## Task statement
With every picture left out, restate the listing below exactly as written.

## Source data

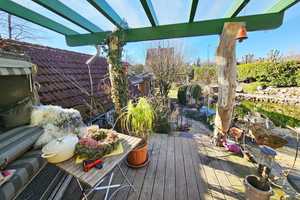 Einzigartige Wohlfühlatmosphäre im Haus mit außergewöhnlichem Garten - PROVISIONSFREI! – Waldeck-Frankenberg (Kreis) – Vorschaubild 8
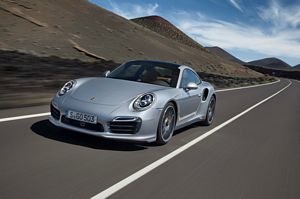 2014 Porsche 911 Turbo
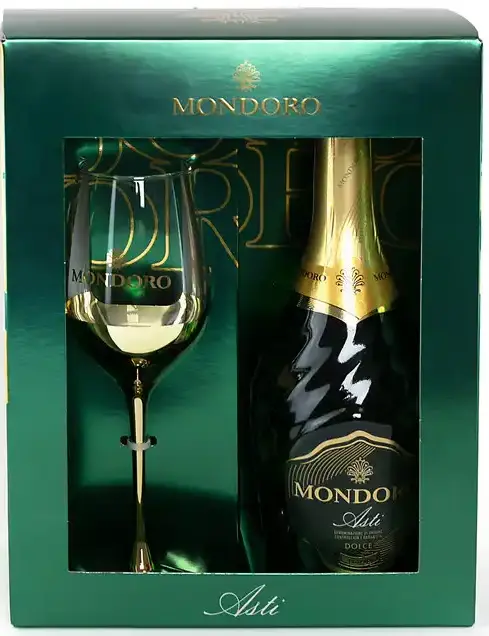 Asti Mondoro (Мондоро Асти)  + бокал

## Exercise answer
 Einzigartige Wohlfühlatmosphäre im Haus mit außergewöhnlichem Garten - PROVISIONSFREI! – Waldeck-Frankenberg (Kreis) – Vorschaubild 8
 2014 Porsche 911 Turbo
 Asti Mondoro (Мондоро Асти)  + бокал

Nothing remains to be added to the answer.